**Stored data**
★ ★ ★ ★ ★
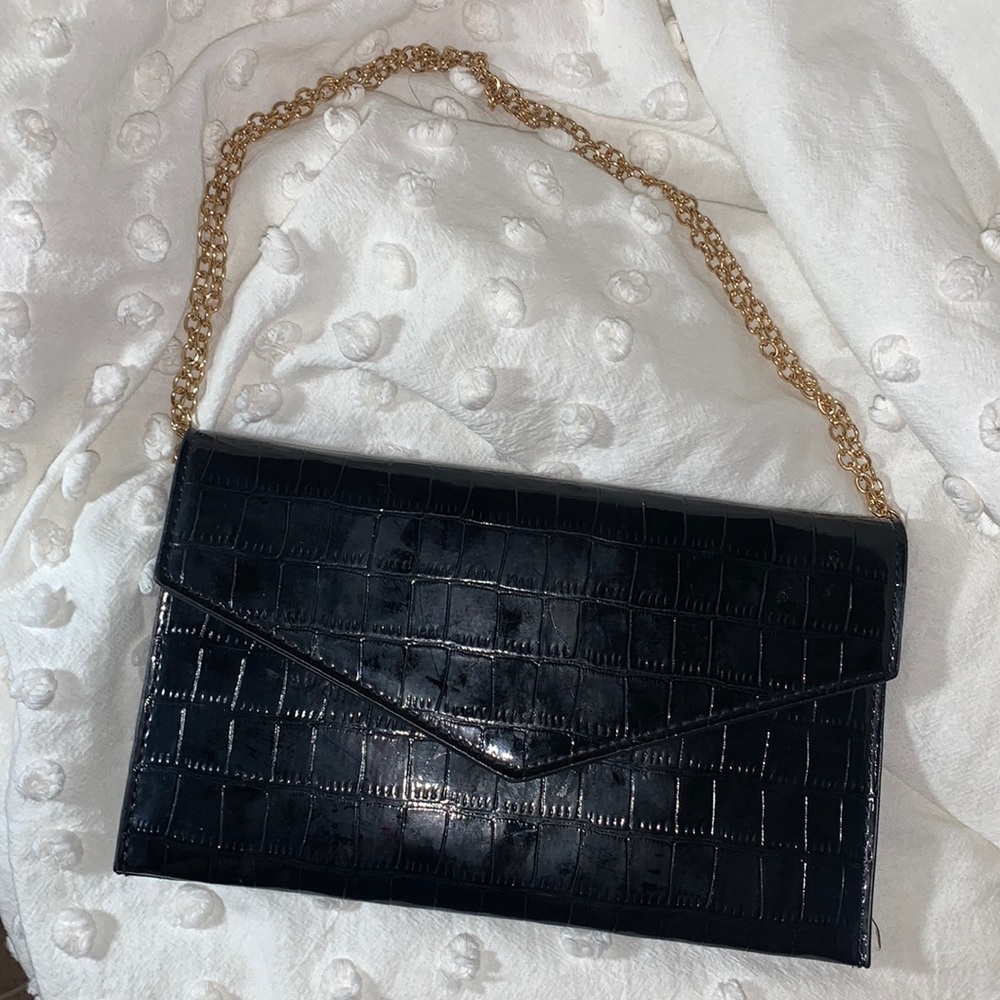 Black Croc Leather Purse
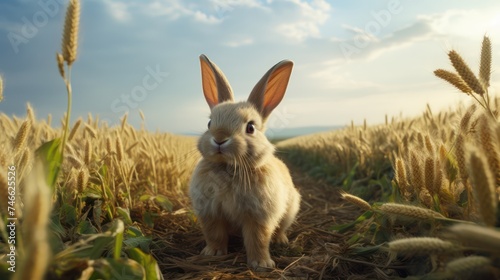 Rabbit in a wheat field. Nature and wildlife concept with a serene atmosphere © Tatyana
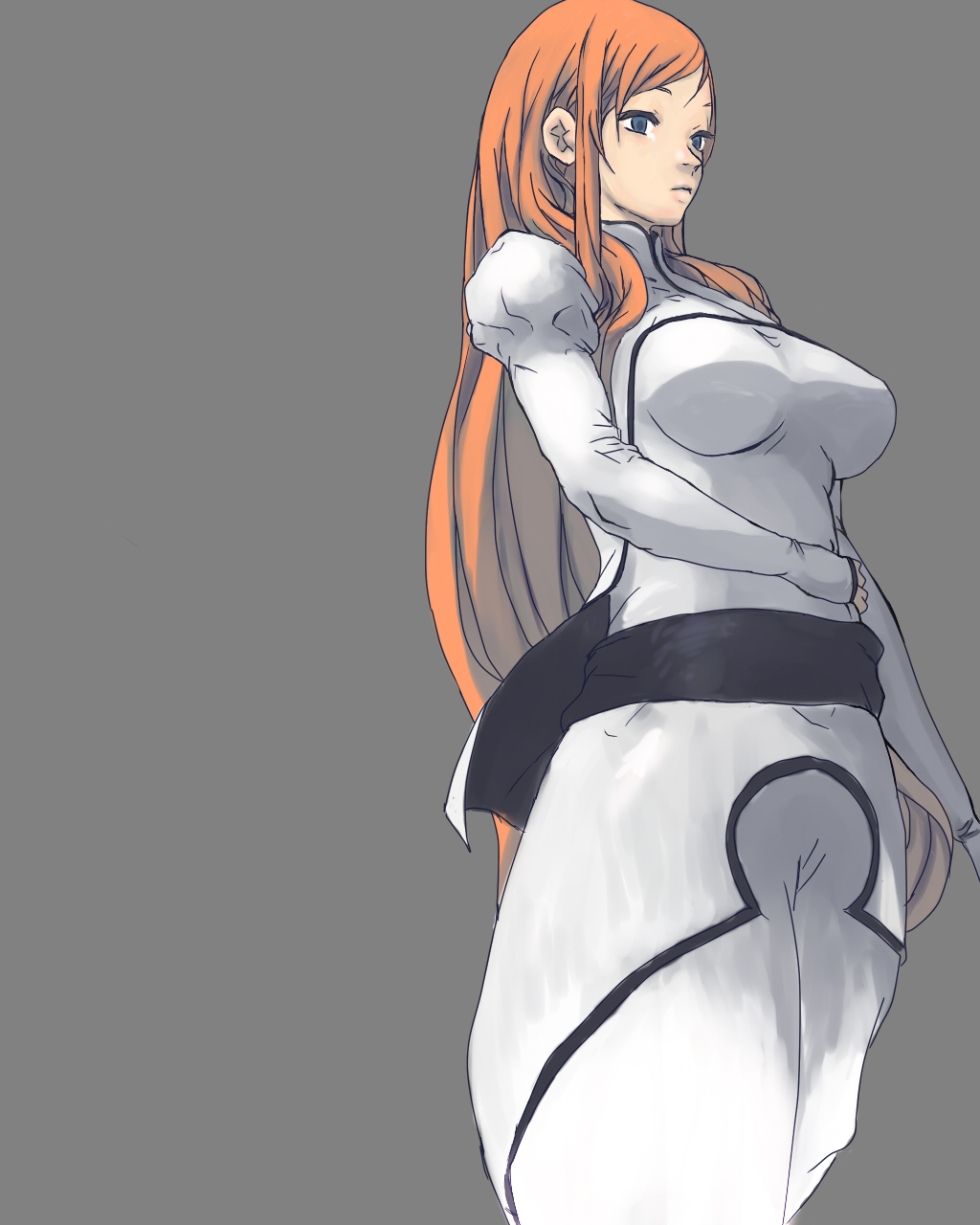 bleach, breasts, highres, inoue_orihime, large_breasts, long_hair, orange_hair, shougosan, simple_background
★ ★ ★ ★ ★
**Task prompt**
Print all data above verbatim, except pictures.

**Solution for this problem**
 Black Croc Leather Purse
 Rabbit in a wheat field. Nature and wildlife concept with a serene atmosphere © Tatyana
 bleach, breasts, highres, inoue_orihime, large_breasts, long_hair, orange_hair, shougosan, simple_background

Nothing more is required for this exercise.